My Macbook Pro has 2.5x that (128GB), and I run models that use 2x that RAM (96GB) with no impact to my IDE, browser, or other apps running at the time, they act like they're on a 32GB machine.
我的 Macbook Pro 有 2.5 倍于此(128GB),我运行的模型使用的 RAM 是这个的 2 倍(96GB),对我的 IDE,浏览器或同时运行的其他应用没有影响,它们就像在一个 32GB 的机器上运行一样。

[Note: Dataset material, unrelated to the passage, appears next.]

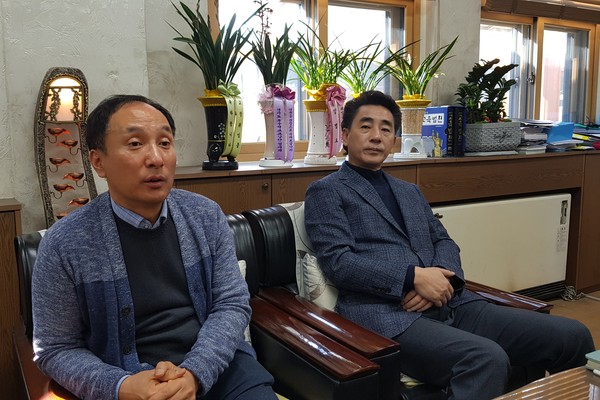 김경학 교장(우)은 "성광학교가 이전하게 되면 130여 명의 재학생들이 갈 곳을 잃게 될 것"이라며 "학교를 지켜달라"고 호소했다. 양태진 행정실장(좌)도 "장애 학생들의 학습 권리가 침해당하게 될 것"이라며 우려를 표했다. (사진=장민호 기자)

LM Studio makes it easy for newcomers to on-device LLMs to dip your toe into this, both for turning on Metal and helping suggest which models will fit entirely in RAM.
LM Studio 使得新手更容易尝试在设备上的LLMs,既可以开启 Metal,也可以帮助建议哪些模型可以完全适应 RAM。

You're right, you can get an M3 Max MBP with 128GB, starting at $4700.
你说得对,你可以以 4700 美元的起步价购买配备 128GB 的 M3 Max MBP。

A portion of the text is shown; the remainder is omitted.